Work required: Set out exactly every line of the entries below, starting at the line that holds "All my friends" and stopping after the line that holds "超図解 奇跡の整理術 机の回り&時間&情報をどう整理すればいいか？".

Extracted data:
....

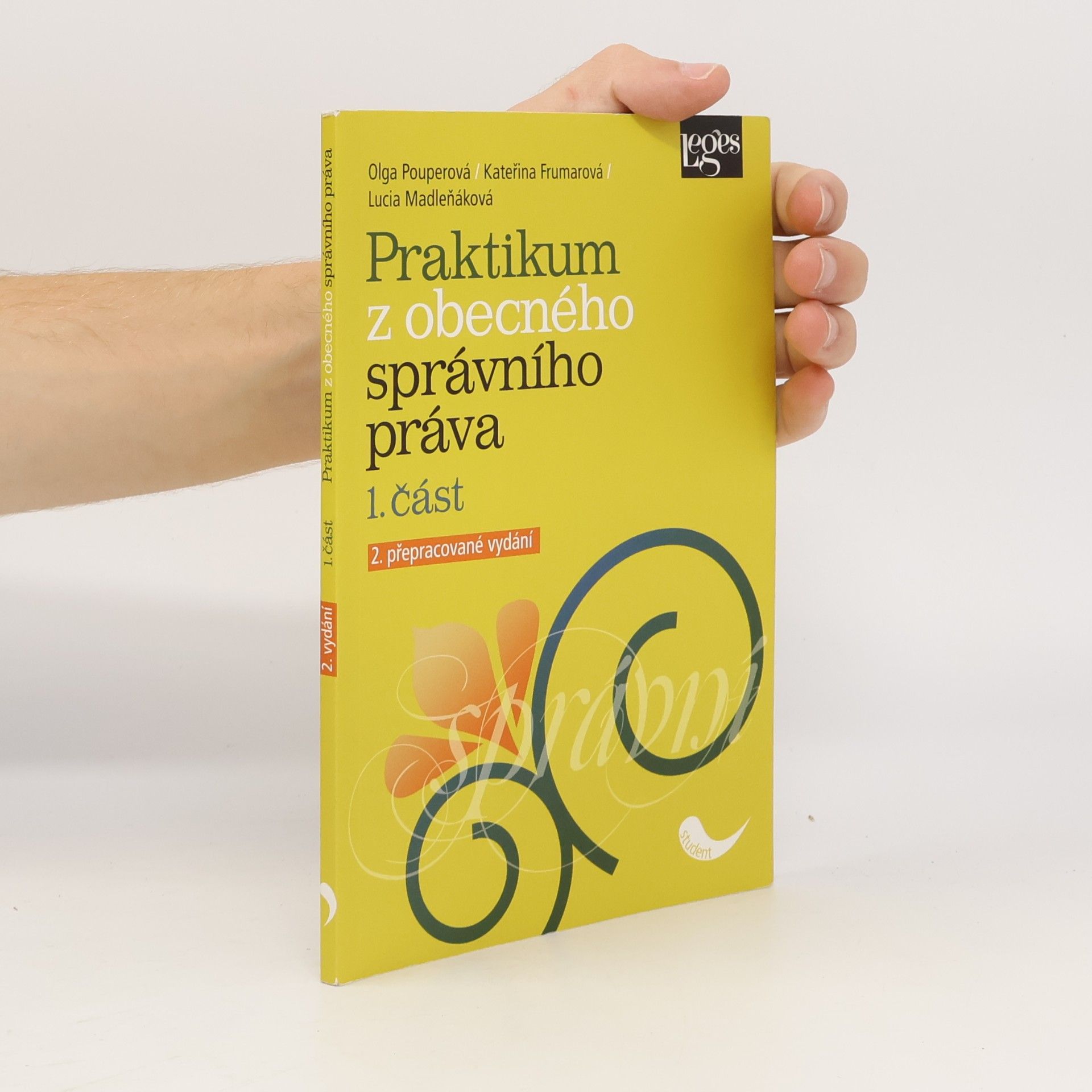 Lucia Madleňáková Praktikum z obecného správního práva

....

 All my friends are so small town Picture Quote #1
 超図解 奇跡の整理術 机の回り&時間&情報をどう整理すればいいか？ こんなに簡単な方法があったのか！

....

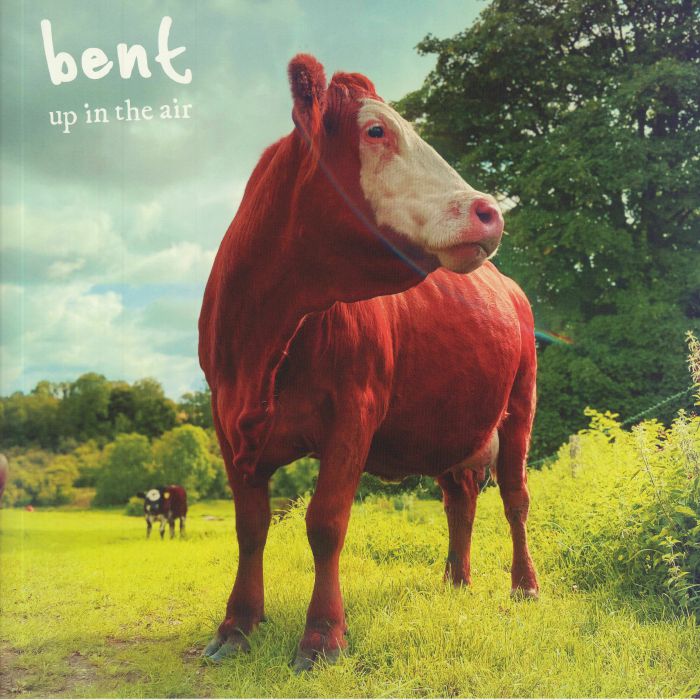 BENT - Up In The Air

....

Solution:
 All my friends are so small town Picture Quote #1
 超図解 奇跡の整理術 机の回り&時間&情報をどう整理すればいいか？ こんなに簡単な方法があったのか！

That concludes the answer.